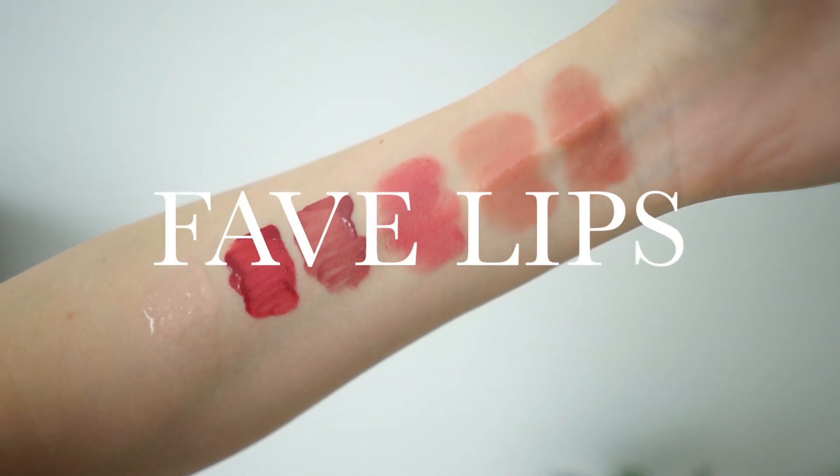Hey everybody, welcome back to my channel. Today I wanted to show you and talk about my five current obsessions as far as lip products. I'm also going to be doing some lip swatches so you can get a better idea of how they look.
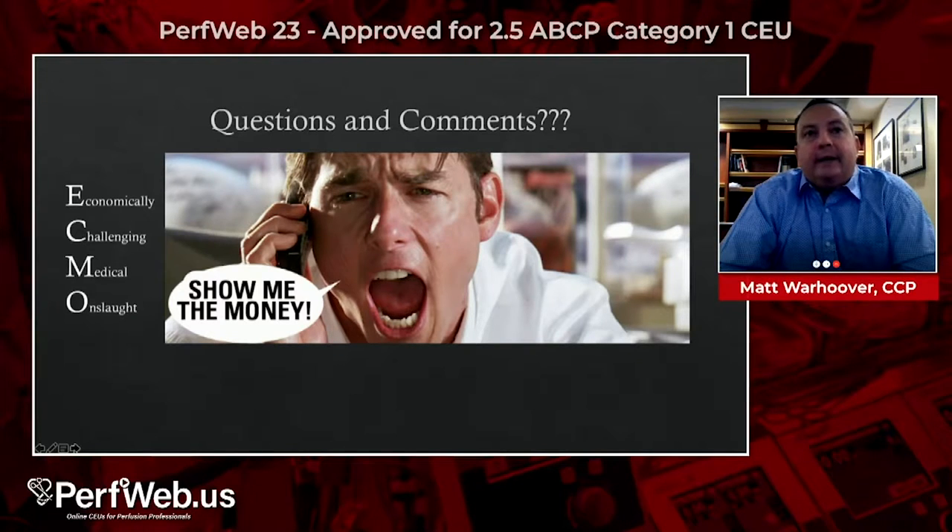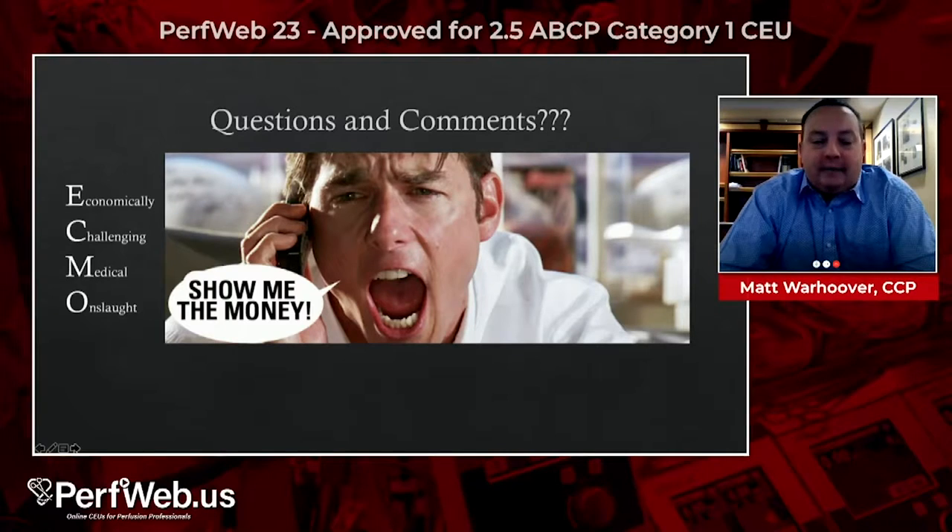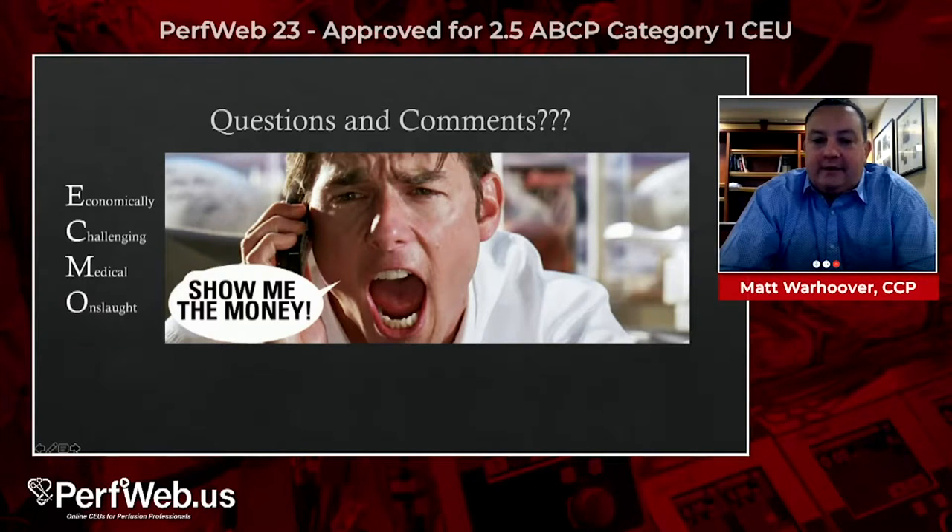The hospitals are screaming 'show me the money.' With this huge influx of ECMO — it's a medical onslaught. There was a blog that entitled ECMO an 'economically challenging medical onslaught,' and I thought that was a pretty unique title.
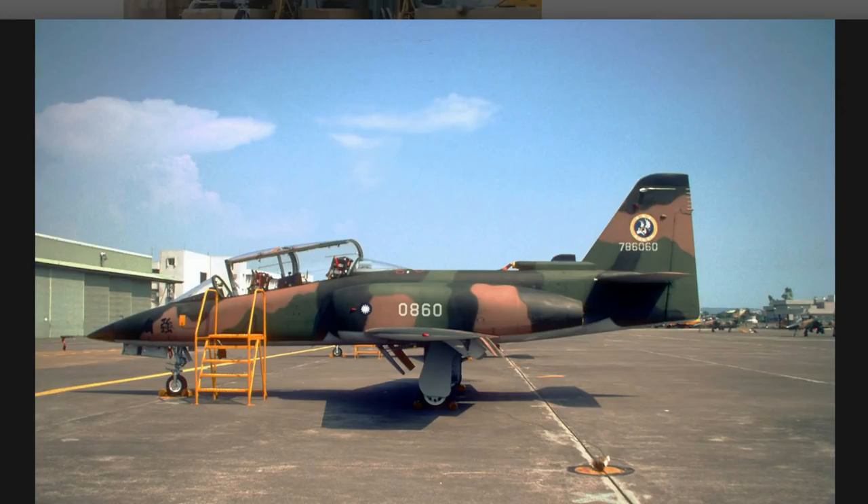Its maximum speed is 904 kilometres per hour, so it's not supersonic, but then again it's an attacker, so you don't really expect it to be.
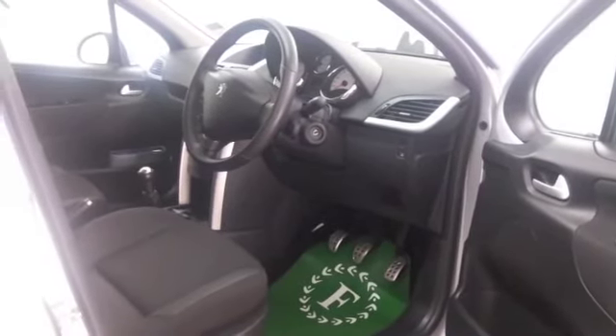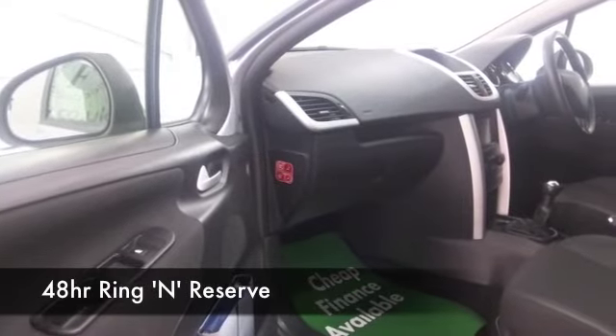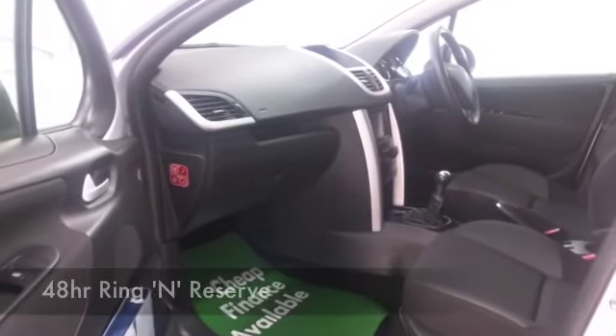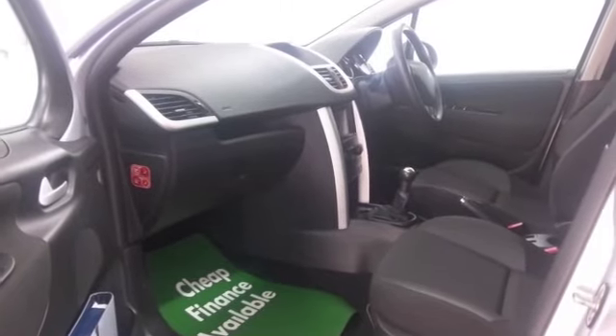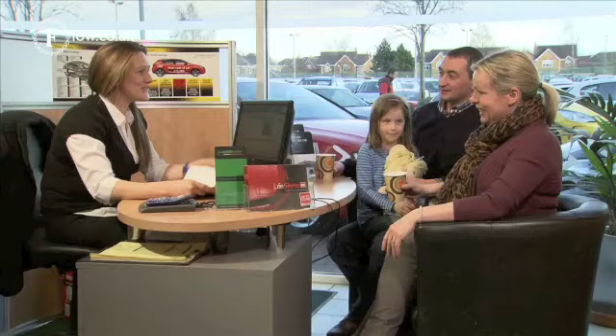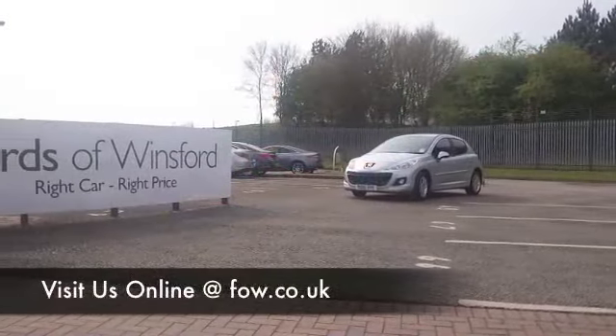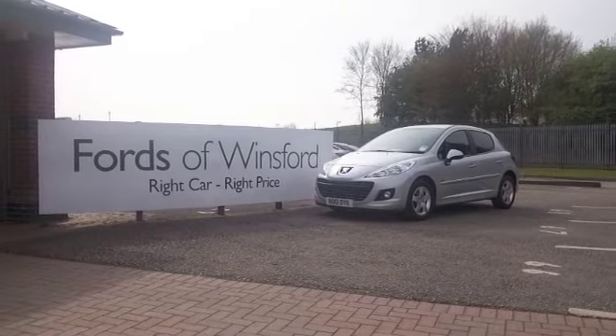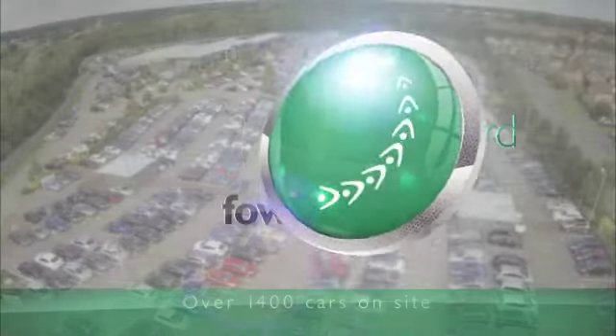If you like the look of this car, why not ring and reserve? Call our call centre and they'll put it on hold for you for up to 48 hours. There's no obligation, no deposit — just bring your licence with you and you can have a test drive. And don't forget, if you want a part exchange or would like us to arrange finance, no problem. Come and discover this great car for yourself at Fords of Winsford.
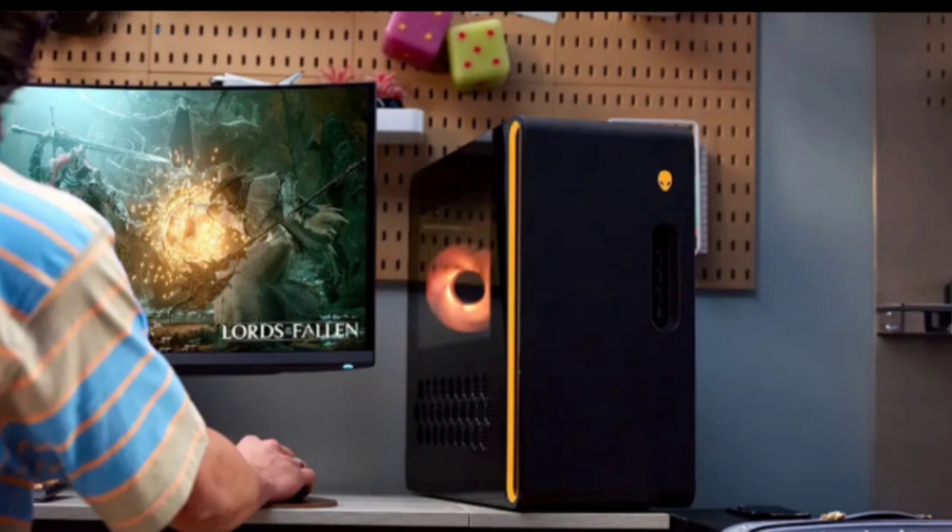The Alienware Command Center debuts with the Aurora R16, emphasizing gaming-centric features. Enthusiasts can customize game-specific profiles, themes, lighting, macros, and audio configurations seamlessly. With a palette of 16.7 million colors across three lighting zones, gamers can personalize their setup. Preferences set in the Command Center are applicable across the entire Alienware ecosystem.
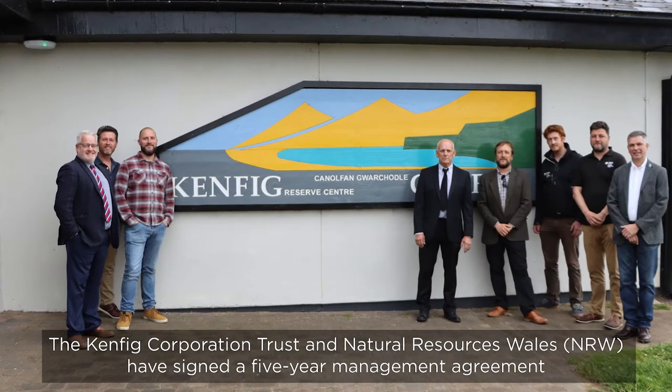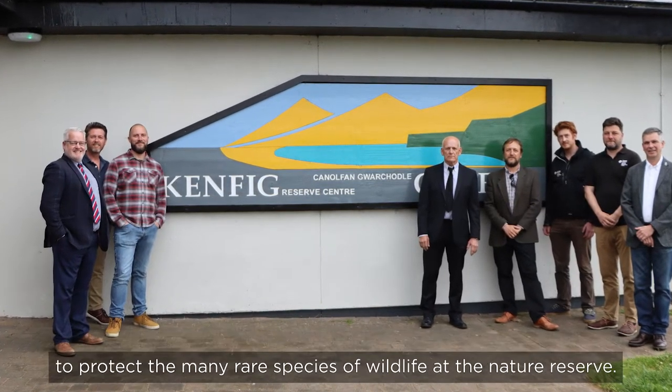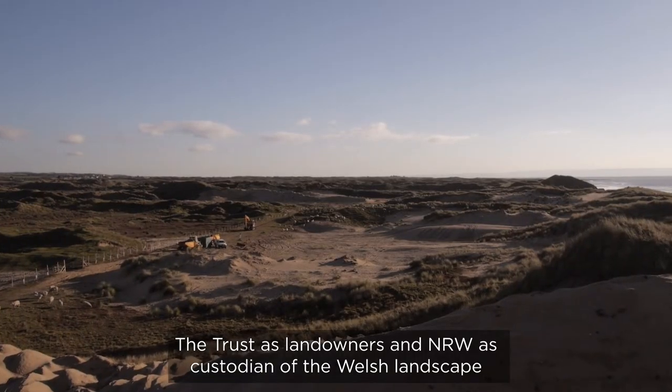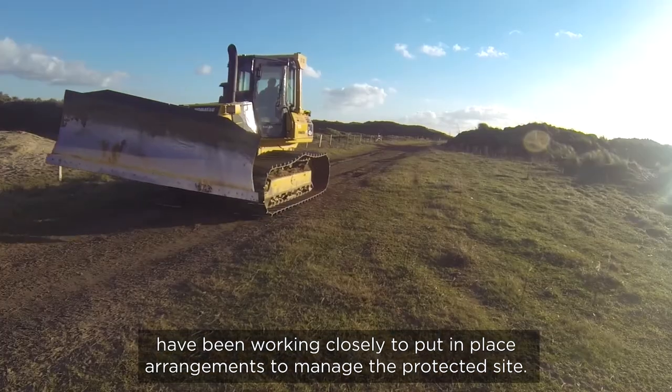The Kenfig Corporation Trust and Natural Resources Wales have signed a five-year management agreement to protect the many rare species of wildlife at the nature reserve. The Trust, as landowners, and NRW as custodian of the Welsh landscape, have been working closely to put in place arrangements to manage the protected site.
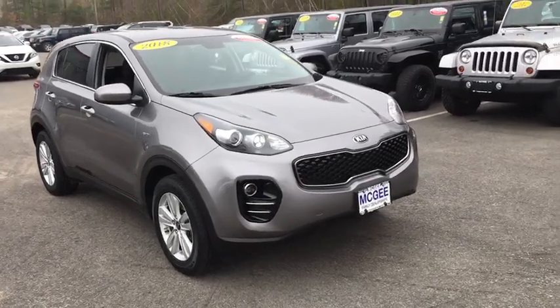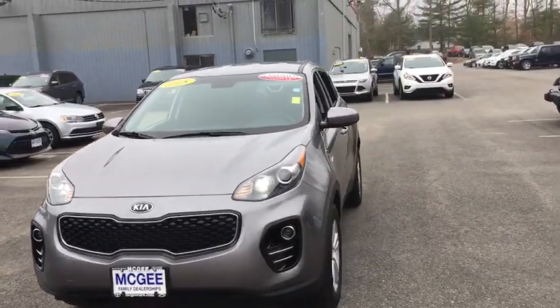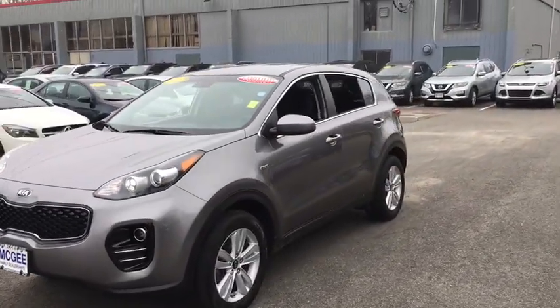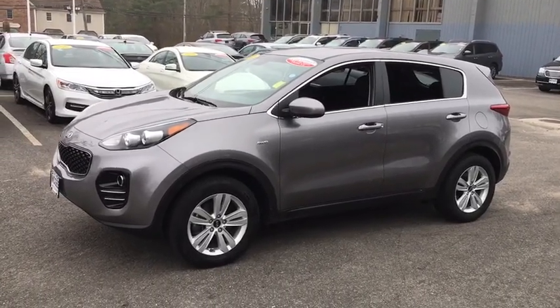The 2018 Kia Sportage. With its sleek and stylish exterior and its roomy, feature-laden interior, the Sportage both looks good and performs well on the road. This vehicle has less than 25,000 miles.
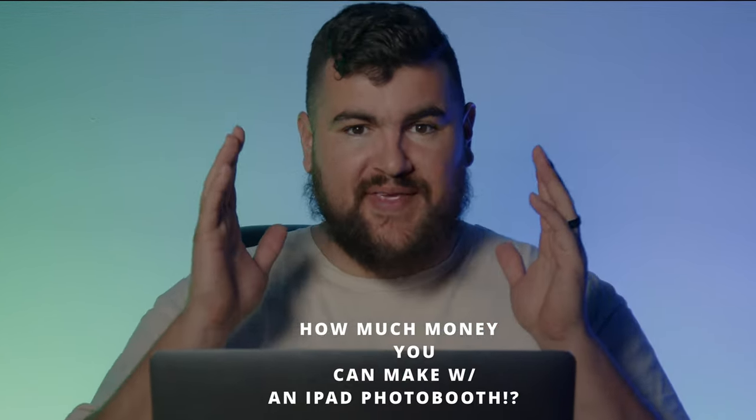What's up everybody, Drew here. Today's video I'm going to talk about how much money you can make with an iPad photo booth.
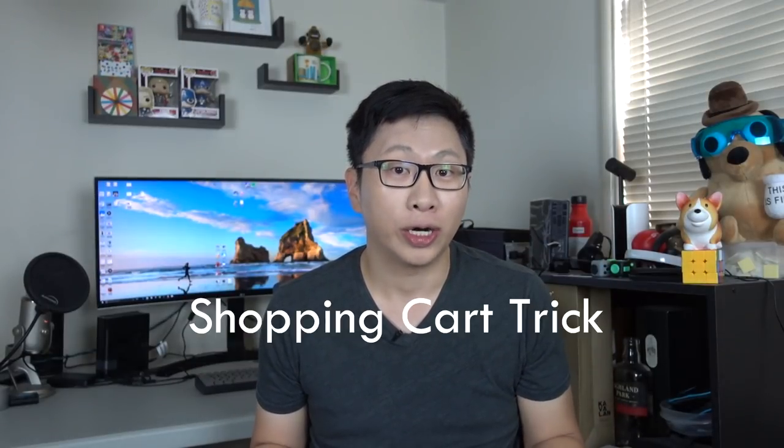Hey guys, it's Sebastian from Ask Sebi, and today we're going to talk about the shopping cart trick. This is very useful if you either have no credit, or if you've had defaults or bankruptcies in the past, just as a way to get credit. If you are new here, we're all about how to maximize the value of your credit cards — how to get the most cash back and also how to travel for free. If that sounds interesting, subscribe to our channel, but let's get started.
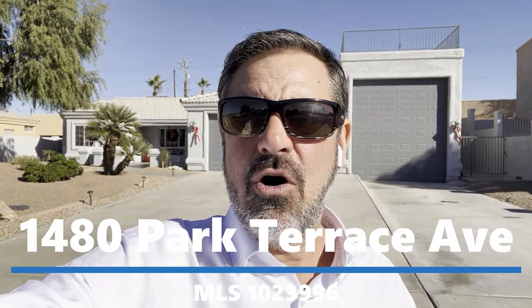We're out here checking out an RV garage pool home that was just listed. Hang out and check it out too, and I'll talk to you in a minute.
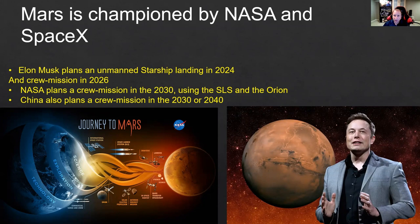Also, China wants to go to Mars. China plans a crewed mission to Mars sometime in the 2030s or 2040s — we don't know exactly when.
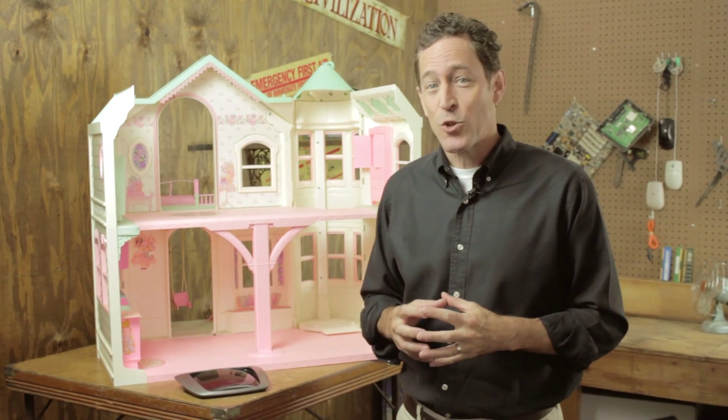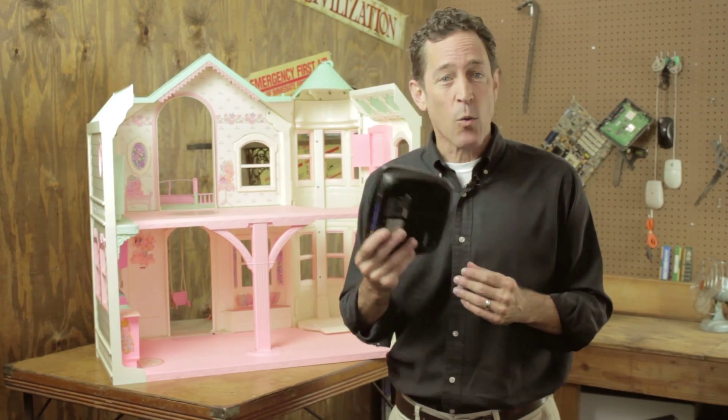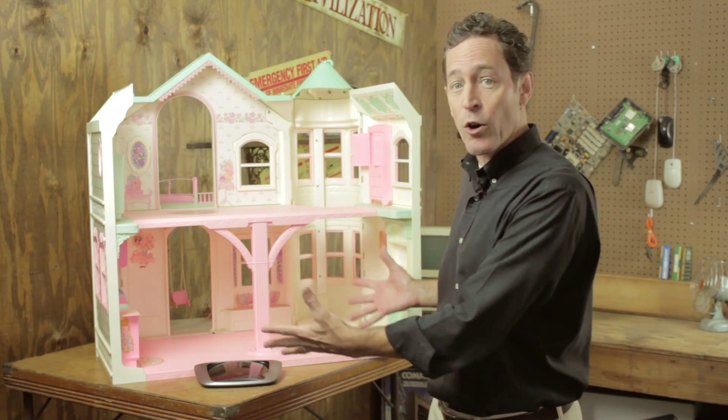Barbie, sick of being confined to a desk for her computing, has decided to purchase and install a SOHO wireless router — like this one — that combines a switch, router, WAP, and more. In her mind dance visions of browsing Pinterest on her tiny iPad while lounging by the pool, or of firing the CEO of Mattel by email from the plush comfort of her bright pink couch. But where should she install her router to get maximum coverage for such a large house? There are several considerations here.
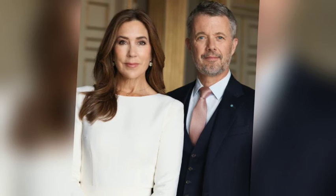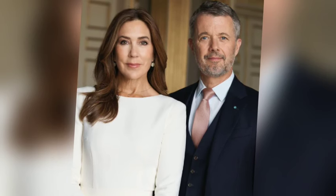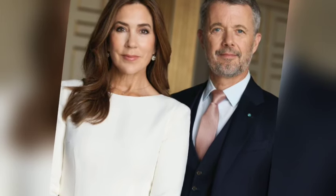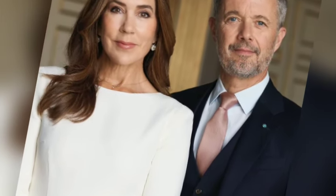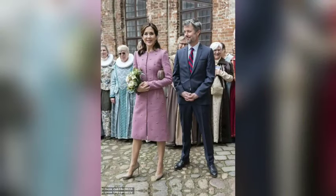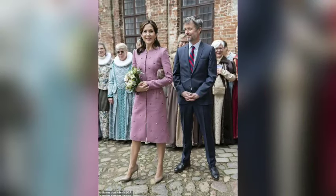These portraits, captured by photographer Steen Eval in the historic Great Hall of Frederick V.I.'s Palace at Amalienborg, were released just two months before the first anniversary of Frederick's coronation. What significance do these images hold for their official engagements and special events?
_____
### Your instructions
Within the material above, find the part that opens with the line containing "The hospitals are" and closes with the line containing "Its maximum speed", and reproduce it exactly without the pictures.

### Solution to the problem
The hospitals are screaming 'show me the money.' With this huge influx of ECMO — it's a medical onslaught. There was a blog that entitled ECMO an 'economically challenging medical onslaught,' and I thought that was a pretty unique title.
Its maximum speed is 904 kilometres per hour, so it's not supersonic, but then again it's an attacker, so you don't really expect it to be.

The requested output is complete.